[Images for object localization]
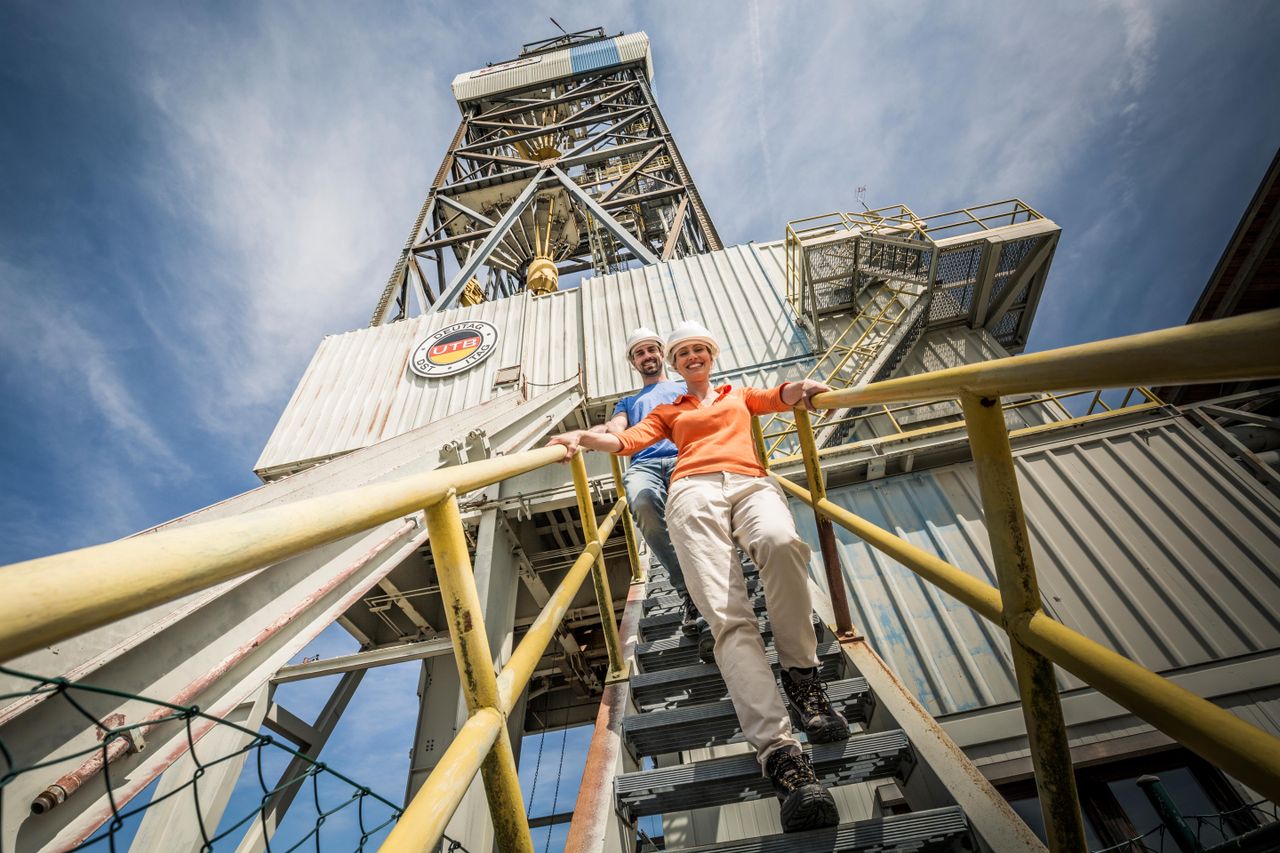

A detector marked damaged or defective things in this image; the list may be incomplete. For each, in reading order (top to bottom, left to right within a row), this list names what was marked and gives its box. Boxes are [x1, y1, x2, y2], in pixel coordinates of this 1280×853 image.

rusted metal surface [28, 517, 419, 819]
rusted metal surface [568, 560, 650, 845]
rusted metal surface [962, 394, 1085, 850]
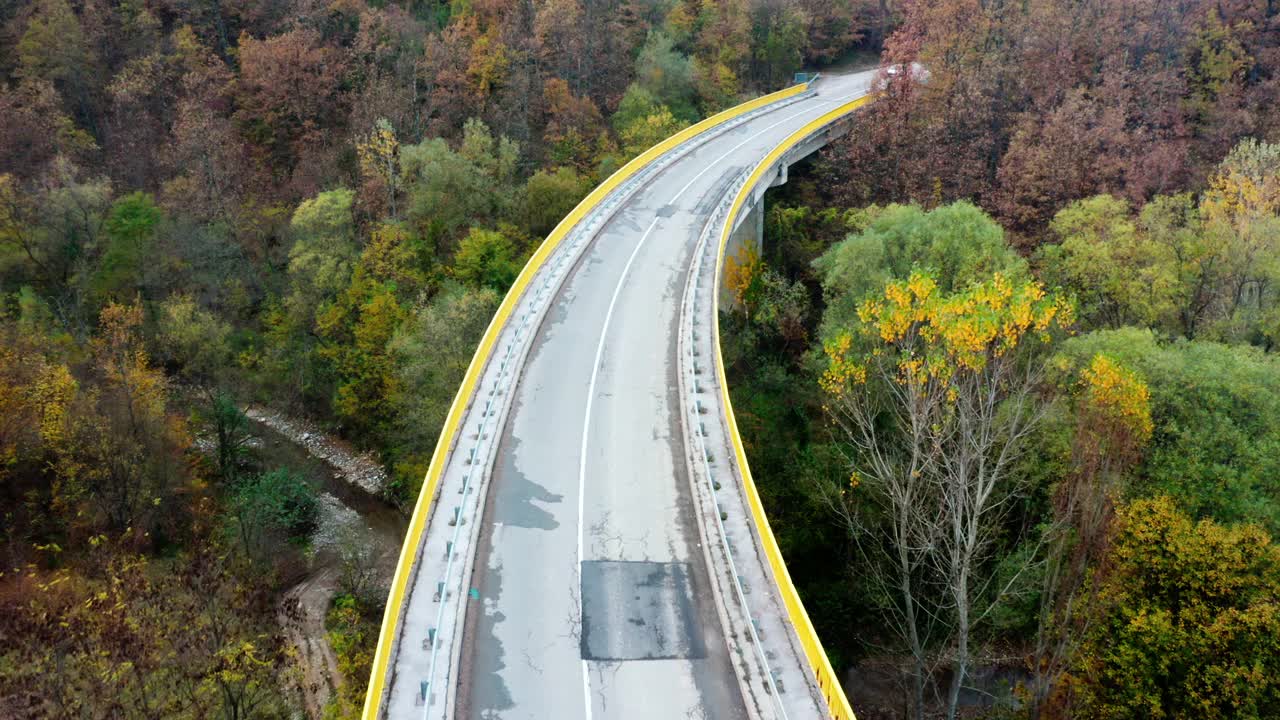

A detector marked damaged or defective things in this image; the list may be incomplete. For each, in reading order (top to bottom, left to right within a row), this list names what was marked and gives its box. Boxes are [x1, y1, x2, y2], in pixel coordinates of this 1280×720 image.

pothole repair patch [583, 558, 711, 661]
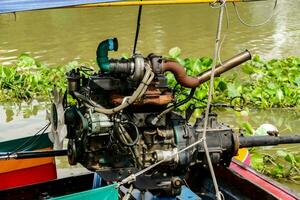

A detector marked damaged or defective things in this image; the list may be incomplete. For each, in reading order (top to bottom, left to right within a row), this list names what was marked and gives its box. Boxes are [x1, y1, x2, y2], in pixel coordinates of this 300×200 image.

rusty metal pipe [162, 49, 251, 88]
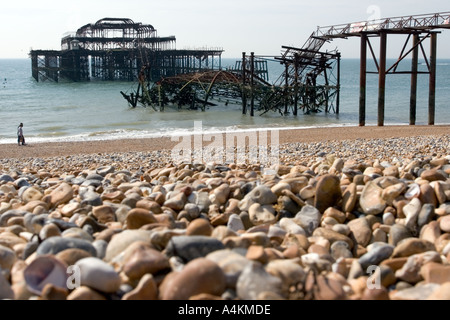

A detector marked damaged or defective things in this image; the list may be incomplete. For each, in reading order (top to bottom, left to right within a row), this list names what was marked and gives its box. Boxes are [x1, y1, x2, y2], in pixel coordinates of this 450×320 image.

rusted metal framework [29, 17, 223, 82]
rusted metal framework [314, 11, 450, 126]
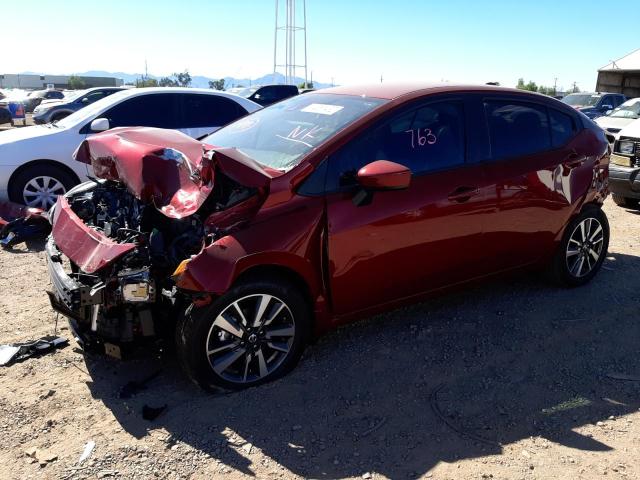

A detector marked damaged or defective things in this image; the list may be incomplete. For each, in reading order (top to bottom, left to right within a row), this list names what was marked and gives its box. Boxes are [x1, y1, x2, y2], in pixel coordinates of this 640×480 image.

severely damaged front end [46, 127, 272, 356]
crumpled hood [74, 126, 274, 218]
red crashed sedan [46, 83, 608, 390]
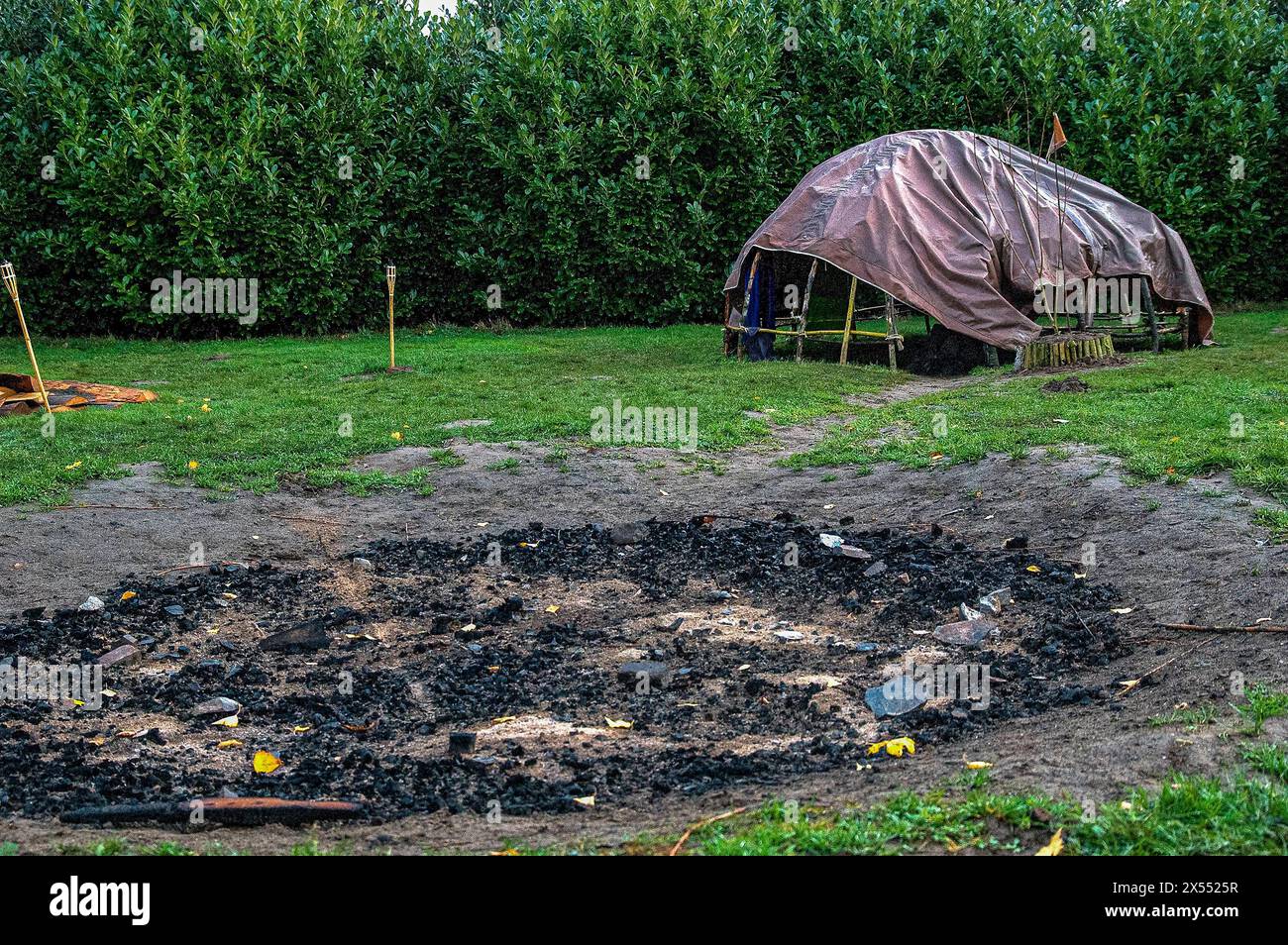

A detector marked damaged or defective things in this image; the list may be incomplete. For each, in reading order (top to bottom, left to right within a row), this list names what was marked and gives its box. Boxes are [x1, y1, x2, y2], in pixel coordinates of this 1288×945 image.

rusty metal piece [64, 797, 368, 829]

**TASK DESCRIPTION**
Your copy should hold all the data word for word. It should hold no pictures.

**ANSWER FOR THE TASK**
A detector marked damaged or defective things in this image; the list may be incomplete. For each, in reading order (top to bottom, left to right within a row), this list names what was marked and gives its box. Boxes are [x1, y1, x2, y2], in pixel coordinates of this 1280×853 image.

rusted metal surface [28, 517, 419, 819]
rusted metal surface [568, 560, 650, 845]
rusted metal surface [962, 394, 1085, 850]

A detector marked damaged or defective things in this image; the list may be incomplete. For each, in reading order (top to bottom, left to right within a row), this list names what was marked and gives its box. Boxes are [x1, y1, x2, y2], in pixel coordinates of this 1280×720 image.

pothole repair patch [583, 558, 711, 661]

A detector marked damaged or defective things in this image; the list may be incomplete. For each, in reading order (top to bottom, left to right within a row), this list names what was marked and gives its box. Boxes are [x1, y1, x2, y2], in pixel coordinates of this 300×200 image.

rusty metal pipe [162, 49, 251, 88]

A detector marked damaged or defective things in this image; the list may be incomplete. For each, in reading order (top to bottom, left to right within a row), this list names what was marked and gives its box. Boxes are [x1, y1, x2, y2], in pixel coordinates of this 450×320 image.

rusted metal framework [29, 17, 223, 82]
rusted metal framework [314, 11, 450, 126]

A detector marked damaged or defective things in this image; the list may be incomplete. For each, in reading order (top to bottom, left to right within a row), this list names what was marked and gives its box. Boxes are [x1, y1, x2, y2], in pixel coordinates of this 640×480 image.

severely damaged front end [46, 127, 272, 356]
crumpled hood [74, 126, 274, 218]
red crashed sedan [46, 83, 608, 390]

A detector marked damaged or defective things in this image; the list may be incomplete. For each, in reading order (top to bottom, left to right within a row), this list names what was marked and gives its box. Boxes are [x1, y1, x2, y2], in pixel coordinates of this 1288×945 image.

rusty metal piece [64, 797, 368, 829]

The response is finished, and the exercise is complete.